UNA CANZONE CONDIVISA

La seduta del 20 novembre però ha avuto un carattere molto più leggero, anche grazie ad un ospite straordinario, il cantautore Daniele Silvestri. “I ragazzi sono stati molto felici di questo incontro – spiega l’Assessora municipale alla Scuola, Francesca Vetrugno – e hanno chiesto a Daniele Silvestri di scrivere con lui una canzone che racconti la scuola e cosa questo luogo rappresenti”. Ora i ragazzi del Consiglio si incontreranno (virtualmente) una volta alla settimana per comporla con l’aiuto del cantautore.

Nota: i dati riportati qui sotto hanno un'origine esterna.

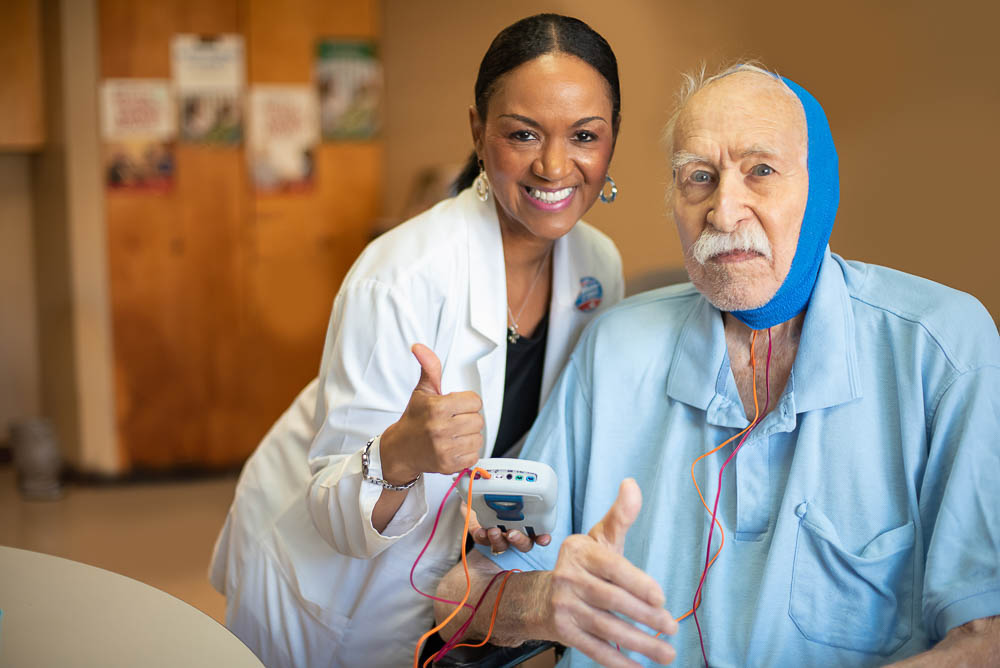 A nurse and resident smiling in a care facility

LA SCUOLA PER DANIELE SILVESTRI

Questo incontro è stato anche l’occasione per chiedere a Silvestri cosa sia stata per lui la scuola, un punto di partenza e di ispirazione anche nella realizzazione di questo esperimento di composizione condivisa online: “La scuola mi ha fatto scoprire delle passioni che non sapevo di avere, non tutto della scuola è stato fondamentale, alcuni momenti non sono stati belli, ma quelli belli sono stati tanti – ha risposto Silvestri – La scuola ti insegna prima di tutto ad avere a che fare con gli altri, ti insegna a capire meglio te stesso, ti può insegnare anche cose sbagliate, non solo cose giuste. Nella convivenza con le altre persone con i compagni si possono fare delle scelte e crescendo lo capirete sempre di più. Può diventare la propria classe un posto terribile in cui stare, oppure un posto da cui non si vorrebbe andare via mai. Sicuramente andando avanti negli anni si incontrano delle cose che magari in altri modi non avremmo incontrato, alcune di queste, magari anche solo una, può diventare un seme, che non per forza vi insegnerà un mestiere, ma magari vi indicherà una strada, diventerà una passione, un interesse. Da lì in poi saprete sempre che quando incontrate quell’argomento, “quella cosa lì”, vi accendete: trovare quello che ci accende, che ci fa venire voglia di svegliarci prima la mattina, di scoprire qualcosa di nuovo è una grande fortuna e la Scuola lo può fare. Questa è la cosa a cui devo di più della scuola”.

LeMa

(Foto della prima seduta del Consiglio municipale dei bambini e delle bambine)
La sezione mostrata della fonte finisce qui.